Hi Stephen, you are absolutely right.
Spare a thought for the Zionists, though. Consider for the moment the situation in the first decades of the 20th century. Racist anti-Semitism is sweeping over Europe. The polyglot empires of old are disintegrating into independent ethnically defined nation-states. The United States has embraced the Wilsonian Doctrine of national self-determination, at least as far as Europe is concerned. To many secular Jews in Europe, it must have seemed that the emerging framework of ethnically defined nation-states would be the primary organizing principle of society, at least in Europe.
Having tried and failed to achieve assimilation for Jews under the Enlightenment framework of individual equality and individual rights, these (mostly) secular Jews figured that the only way to secure the Jewish future was to seek collective assimilation for Jews as an ethnically defined nation state that would become a respected member of an international family of ethnically defined nation states. According to Hannah Arendt, “the Zionists, in a sense, were the only ones who sincerely wanted assimilation, namely ‘normalization’ of the people (‘to be a people like all other peoples’).” Consequently, the Zionists made tremendous efforts to transform a diasporic religious and cultural community into an ethnically defined nation-state with a specific piece of territory designated as its ‘national homeland’. Under tremendous pressure from European anti-Semitism, and focused on fully conforming to the norms of European ethnic nationalism, the early Zionists in the 1910, 20s, and 30s completely ignored the Arab inhabitants of Palestine and their culture and heritage.

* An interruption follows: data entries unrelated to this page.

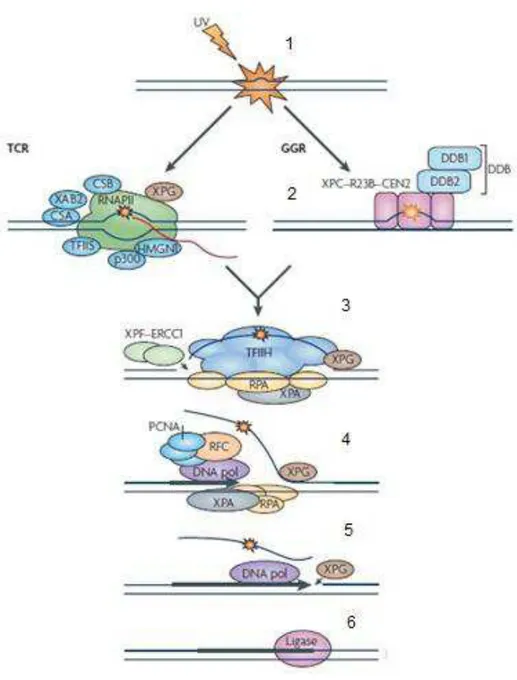 Figura 7. Mecanismo do NER. Lesões do genoma global são reparadas pelo GGR e as  lesões da fita transcrita de um gene são reparadas pelo TCR, pelos seguintes passos (1)  o reconhecimento da lesão; (2) abertura da dupla hélice do DNA onde se localiza a lesã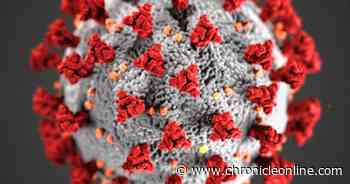 Coronavirus cases continue to rise in Citrus County, Florida, and in US - Citrus County Chronicle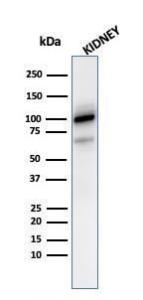 Western blot analysis of kidney tissue lysate using Anti-CD10 Antibody [MME/2590]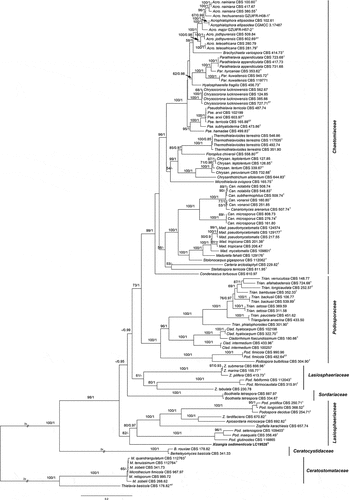 Figure 15. Phylogenetic tree resulting from maximum likelihood (ML) analysis of the concatenated partial rpb2, tub2, ITS, and LSU gene region alignment. Tree topology of the ML analysis was similar to the BI. ML bootstrap values (≥50%) and Bayesian posterior probability (≥0.9) are indicated along branches (ML/PP). Type strains are marked with “T” (type), “ET” (epitype) or “NT” (neotype) after the culture number. The scale bar shows the expected number of changes per site.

Today, however, our civilizational norms have changed. After having run amok in Nazi Germany, ethnic nationalism has fallen from grace. The broad trend (with exceptions such as Russia/Ukraine, the former Yugoslavia, etc.) is away from racist/ethnic nationalism and towards multi-cultural, multi-ethnic and multi-racial societies that value diversity over ethnic or racial purity, respect the culture and heritage of multifarious groups and communities, and do not place too much importance on standardized nationalist narratives.